- First edition cover
- Translator: Saul Bellow

Publication
- Publisher: Noonday Press
- Publication date: 1957

= Gimpel the Fool =

Book by Isaac Bashevis Singer

"Gimpel the Fool" (1953) is a short story by Isaac Bashevis Singer, translated into English by Saul Bellow in 1953. It tells the story of Gimpel, a simple bread maker who is the butt of many of his town's jokes. It also gives its name to the collection first published in 1957. David Roskies has put forward the view that the story constitutes a modernist revision of a story by Nachman of Bratslav.

==Collection==
The 1957 collection under this title contains the following stories:
- Gimpel the Fool
- The Gentleman from Cracow
- The Wife Killer
- By the Light of Memorial Candles
- The Mirror
- The Little Shoemakers - Tells the tale of a long line of modest shoemakers in Frampol. Focusing on one age in the line, this story tells the tale of Abba's 7 sons leaving the homeland and emigrating to America in a dynamic time.
- Joy
- From the Diary of One Not Born
- The Old Man
- Fire
- The Unseen - About desires and how far a person is willing to go to get what they desire, even at the expense of others they care about.

==Characters==
Elka

Elka, who is known as the town prostitute, marries Gimpel when he agrees to get the town to take up a collection to raise a dowry for her. She is five months pregnant by another man when they are married, but she tells Gimpel the child is his and, when it arrives four months after their marriage, that it is simply premature.
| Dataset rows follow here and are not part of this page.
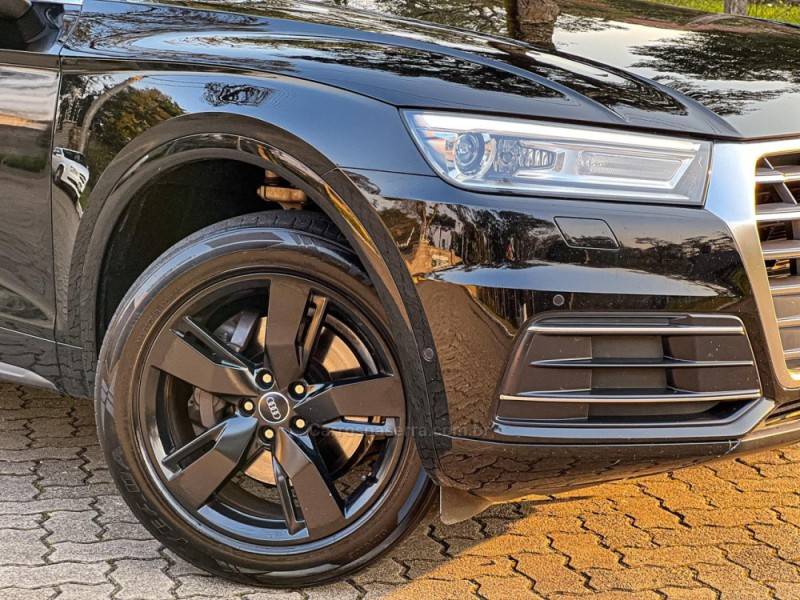 AUDI - Q5 - 2018/2019 - Preta - R$ 189.900,00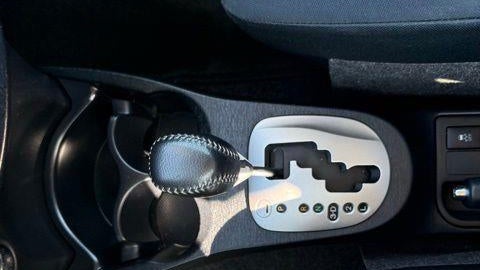 2012 Toyota Yaris 5-Door L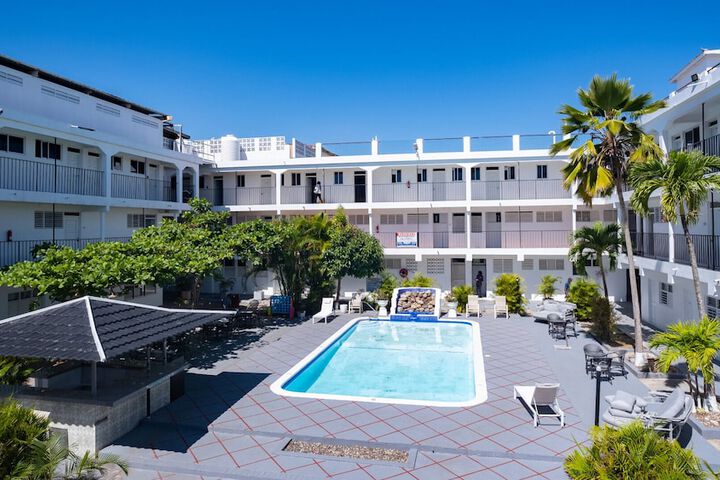Hotel Exterior 53 of 61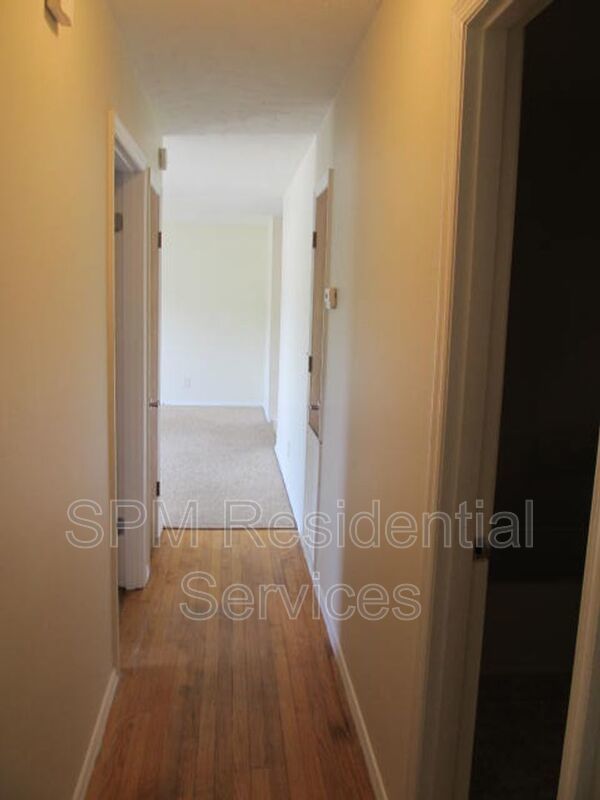 Fenced in yard, Minutes to shopping, restaurant, and I140 property image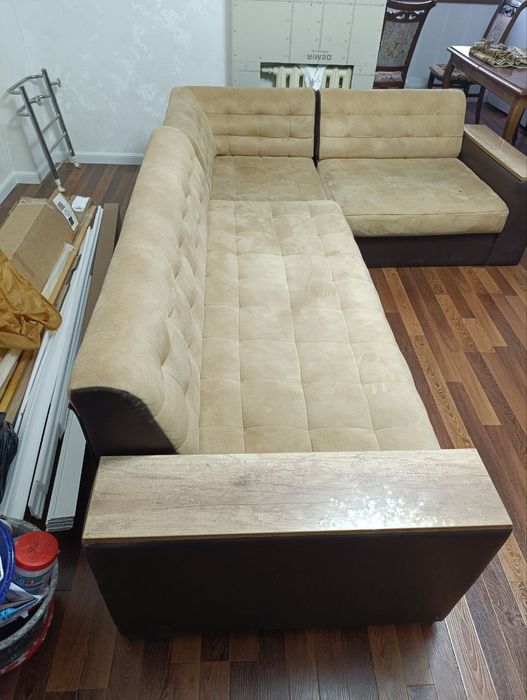Срочно продается угловой диван/Burchakli divan shoshilinch ravishda so
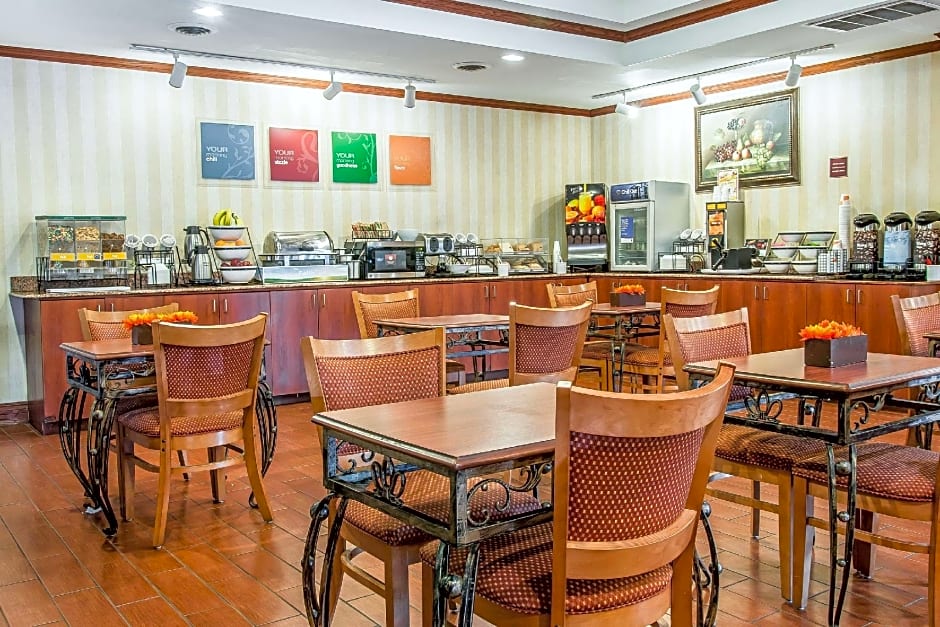 Quality Inn & Suites Ann Arbor Hwy 23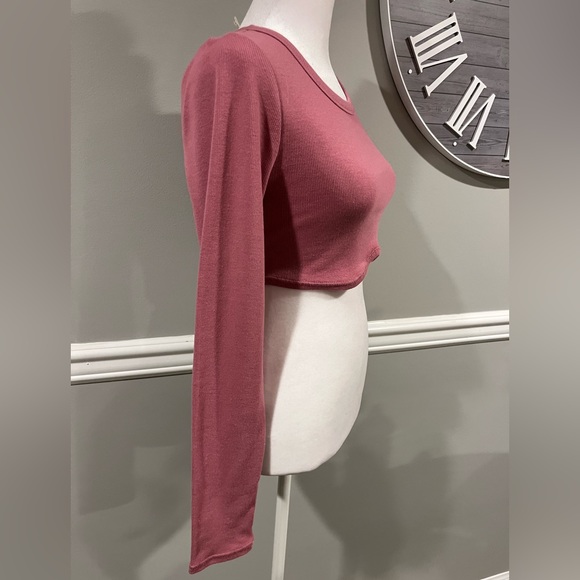 Women/Teen Top LA Hearts Fall/Winter Top Size Small NWOT - Picture 3 of 16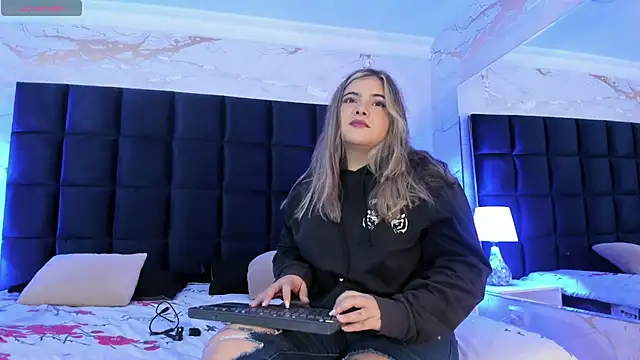 EVELIN MASON online show from 01/14/26, 09:51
Throughout the story Elka commits numerous infidelities and eventually has six children, none of whom are Gimpel's. On her deathbed she admits her infidelities to her husband and asks him to forgive her.

The Spirit of Evil

The devil appears to Gimpel the baker and tells him to urinate in the bread intended for the village in order to get revenge for the many injustices the villagers have forced him to endure over the years. He does so, but is scolded by the spirit of his deceased wife. He destroys the tainted bread and becomes a homeless wanderer; at night he talks with the spirit of Elka.